# Evaluate $\displaystyle \large \lim_{x\,\to\,\infty}{\normalsize \bigg(1+\dfrac{4}{x}\bigg)^{\displaystyle 3x}}$ by Logarithms

It is evaluated that the limit of 1 plus 4 by x whole raised to the power of 3x as the value of $x$ approaches infinity is indeterminate as per the direct substitution method.

$\displaystyle \large \lim_{x\,\to\,\infty}{\normalsize \bigg(1+\dfrac{4}{x}\bigg)^{\displaystyle 3x}}$ $\,=\,$ $1^\infty$

The limit of the given function should not be indeterminate. So, its limit should be evaluated in another method. Let us learn how to find the limit of the function as $x$ tends to infinity.

### Release the function from Exponential notation

The formation of the given function in exponential notation is complex and it is the main reason for the indeterminate form. So, its complexity can be reduced only when the function is released from the exponential form.

Assume that $y$ $\,=\,$ $\bigg(1+\dfrac{4}{x}\bigg)^{\displaystyle 3x}$

Now, take natural logarithm on both sides of the equation in order to release the given function from exponential notation.

$\implies$ $\log_{e}{(y)}$ $\,=\,$ $\log_{e}{\bigg(1+\dfrac{4}{x}\bigg)^{\displaystyle 3x}}$

On right hand side of the equation, the logarithm of $1$ plus $4$ by $x$ whole power $3x$ can be simplified by the power rule of logarithms.

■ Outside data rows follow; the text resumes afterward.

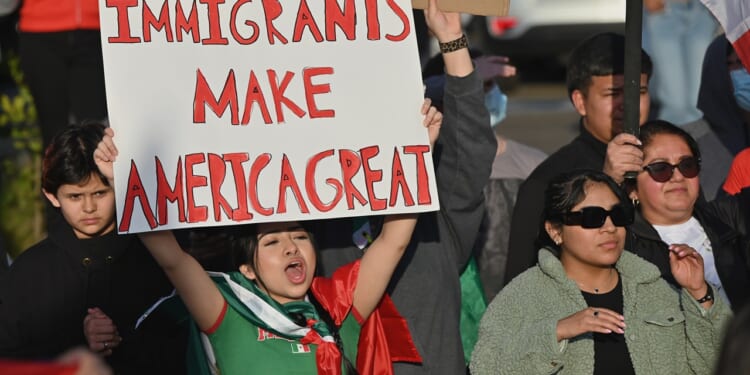 A woman in a crowd holds a sign that reads “Immigrants Make America Great.” Other people, including children and adults, stand around her, some clapping and wearing sunglasses or jackets.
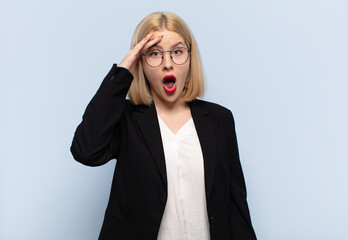 blonde woman looking happy, astonished and surprised, smiling and realizing amazing and incredible...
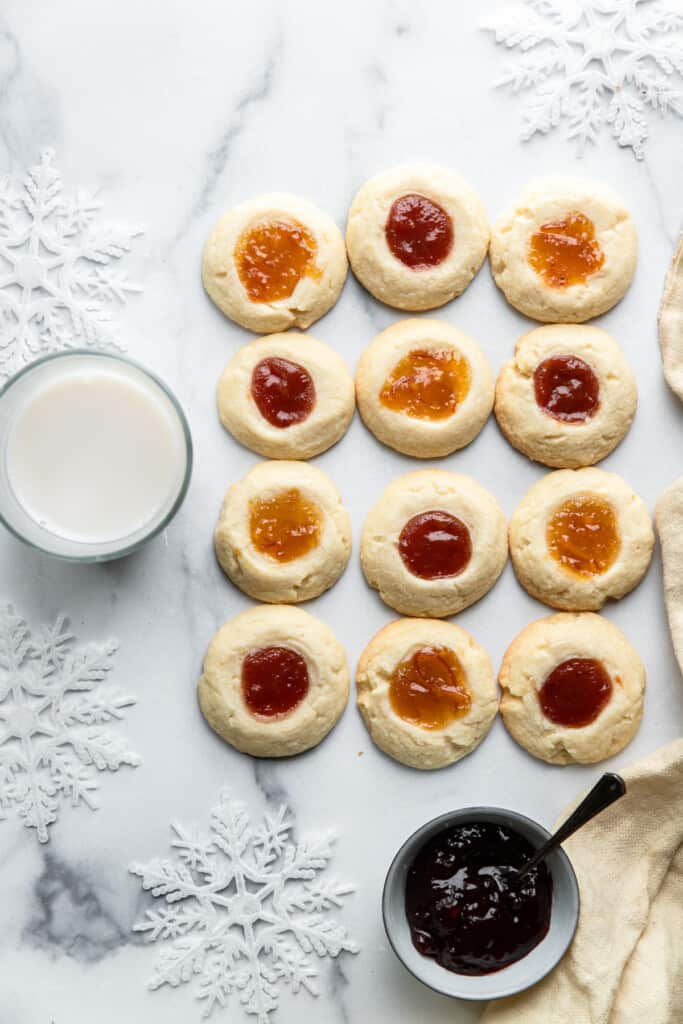 a bunch of Shortbread Cookies with Jam on a table with milk and jam on the side
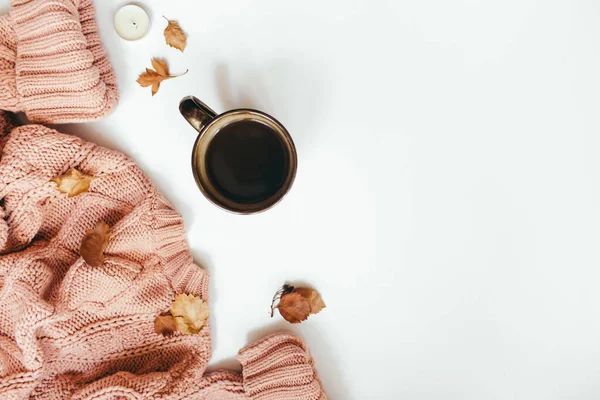 Knitted sweater, cup of coffee, autumn leaves, cinnamon sticks, candles on white background. Autumn composition. Flat lay, top view, copy space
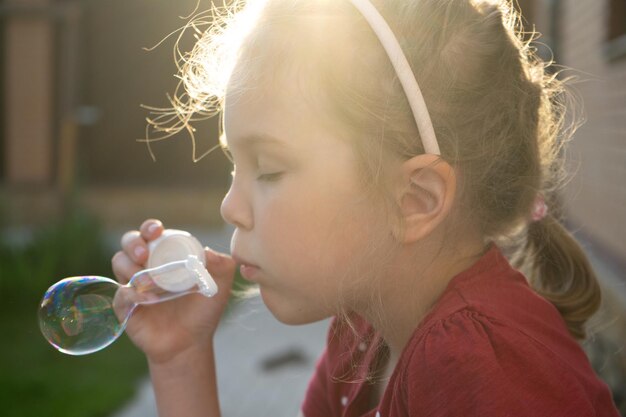 Une petite fille soufflant des bulles de savon dans le parc d'été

$\,\,\,\therefore\,\,\,\,\,\,$ $\log_{e}{(y)}$ $\,=\,$ $3x \times \log_{e}{\bigg(1+\dfrac{4}{x}\bigg)}$

### Minimize the complexity of Logarithmic equation

The given function in exponential notation is successfully written as a logarithmic equation. It is time to focus on simplifying the logarithmic equation.

$\log_{e}{(y)}$ $\,=\,$ $3x \times \log_{e}{\bigg(1+\dfrac{4}{x}\bigg)}$

On left hand side of the log equation, there is nothing to simplify but we can do on right hand side of the equation. The literal factor $3x$ cannot be multiplied with logarithmic function but the logarithmic function can be expanded by the expansion of logarithm of a binomial in one variable.

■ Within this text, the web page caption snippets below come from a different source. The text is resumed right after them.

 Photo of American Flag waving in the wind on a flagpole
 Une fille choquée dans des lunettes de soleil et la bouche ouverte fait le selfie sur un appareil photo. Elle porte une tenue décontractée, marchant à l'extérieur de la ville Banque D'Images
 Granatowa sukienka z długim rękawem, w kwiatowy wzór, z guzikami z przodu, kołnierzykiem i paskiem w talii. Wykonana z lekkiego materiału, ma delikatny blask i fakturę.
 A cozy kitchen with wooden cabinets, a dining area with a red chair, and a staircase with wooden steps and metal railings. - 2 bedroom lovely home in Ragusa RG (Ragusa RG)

$\log_{e}{(1+z)}$ $\,=\,$ $z$ $-$ $\dfrac{z^2}{2}$ $+$ $\dfrac{z^3}{3}$ $-$ $\dfrac{z^4}{4}$ $+$ $\cdots$

According to the logarithmic expansion, the logarithm of $1$ plus $4$ by $x$ can be expanded by substituting the $z$ by $4$ by $x$.

$\implies$ $\log_{e}{(y)}$ $\,=\,$ $3x \times \bigg(\dfrac{4}{x}$ $-$ $\dfrac{\Big(\dfrac{4}{x}\Big)^2}{2}$ $+$ $\dfrac{\Big(\dfrac{4}{x}\Big)^3}{3}$ $-$ $\dfrac{\Big(\dfrac{4}{x}\Big)^4}{4}$ $+$ $\cdots\bigg)$

The quotient of $4$ by $x$ with different exponents can be simplified by the power of a quotient rule.

$\implies$ $\log_{e}{(y)}$ $\,=\,$ $3x \times \bigg(\dfrac{4}{x}$ $-$ $\dfrac{\dfrac{4^2}{x^2}}{2}$ $+$ $\dfrac{\dfrac{4^3}{x^3}}{3}$ $-$ $\dfrac{\dfrac{4^4}{x^4}}{4}$ $+$ $\cdots\bigg)$

Now, simplify the expression on the right hand side of the equation.

$\implies$ $\log_{e}{(y)}$ $\,=\,$ $3x \times \bigg(\dfrac{4}{x}$ $-$ $\dfrac{\dfrac{16}{x^2}}{2}$ $+$ $\dfrac{\dfrac{64}{x^3}}{3}$ $-$ $\dfrac{\dfrac{256}{x^4}}{4}$ $+$ $\cdots\bigg)$

$\implies$ $\log_{e}{(y)}$ $\,=\,$ $3x \times \bigg(\dfrac{4}{x}$ $-$ $\dfrac{16}{x^2 \times 2}$ $+$ $\dfrac{64}{x^3 \times 3}$ $-$ $\dfrac{256}{x^4 \times 4}$ $+$ $\cdots\bigg)$

$\implies$ $\log_{e}{(y)}$ $\,=\,$ $3x \times \bigg(\dfrac{4}{x}$ $-$ $\dfrac{\cancel{16}}{x^2 \times \cancel{2}}$ $+$ $\dfrac{64}{x^3 \times 3}$ $-$ $\dfrac{\cancel{256}}{x^4 \times \cancel{4}}$ $+$ $\cdots\bigg)$

$\implies$ $\log_{e}{(y)}$ $\,=\,$ $3x \times \bigg(\dfrac{4}{x}$ $-$ $\dfrac{8}{x^2}$ $+$ $\dfrac{64}{3x^3}$ $-$ $\dfrac{64}{x^4}$ $+$ $\cdots\bigg)$

The literal factor $3x$ can be distributed over the sum or difference of terms by the distributive property.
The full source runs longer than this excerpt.